目の前で傷ついたように固まる彼がそうだ。
赤い鉢巻きが似合う俺と同い年くらいの武将、真田幸村様。
真っ直ぐで、純粋で、自分の心に正直で、なによりその疑うことを知らぬような、そんな瞳が酷く、こわい。
彼等は偉い人で、俺はただの旅人。
関わることなんて無かったはずなのに、俺のポカで関わってしまった。
離れられないならと冷たく突き放してみたけど、そんな顔をされるなんて想定外だ。俺が悪者みてーじゃねーか。いや、悪者疑惑はかかってたけれど。
そもそも何でそんか悲しそうにする必要がある?
「俺を信じたところで、其方に何も利益などない。」
俺とアナタの関係なんてたかが知れているでしょう。監視する側とされる側。俺が変な動きを見せれば忍者の兄ちゃんにサクッとやられるか俺のポケモンに連れられトンズラこいて終わり。ただそれだけの関係。
「…案外結構言うんだね、アンタ。」
「ホントの事だろ。そもそも監視するならどっかに閉じこめときゃいい。
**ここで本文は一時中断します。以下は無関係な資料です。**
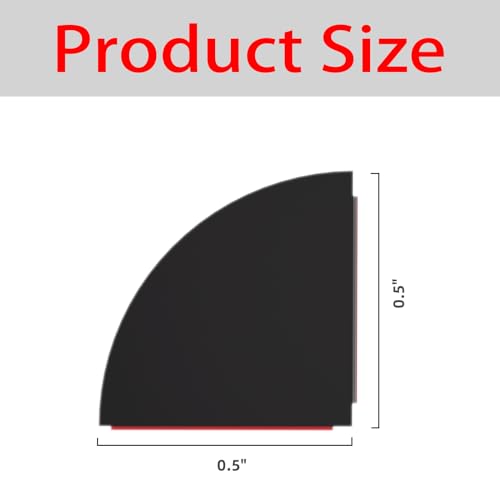Flexible Quarter Round Molding, Mini Peel and Stick Rubber Trim Moulding(118Inch) - color: Black, size: 1/2 in x 10 ft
荷物だって問答無用で棄てりゃいい。なのにアナタ方は、疑いつつも俺に返した。其方に損しか生まないようなことを、何故わざわざやる。」
「……っ!!そなたは、物事を全て損得で考えるか!!」
真田様が声を荒げられた。
「えぇ。」
「嘘を申されるな!!」
「嘘?アナタは俺の嘘が分かるほど俺の事を知っておいでで?」
「ならば何故、荷物を棄てられそうになった時に"両親の形見があるから"と引き止めた!!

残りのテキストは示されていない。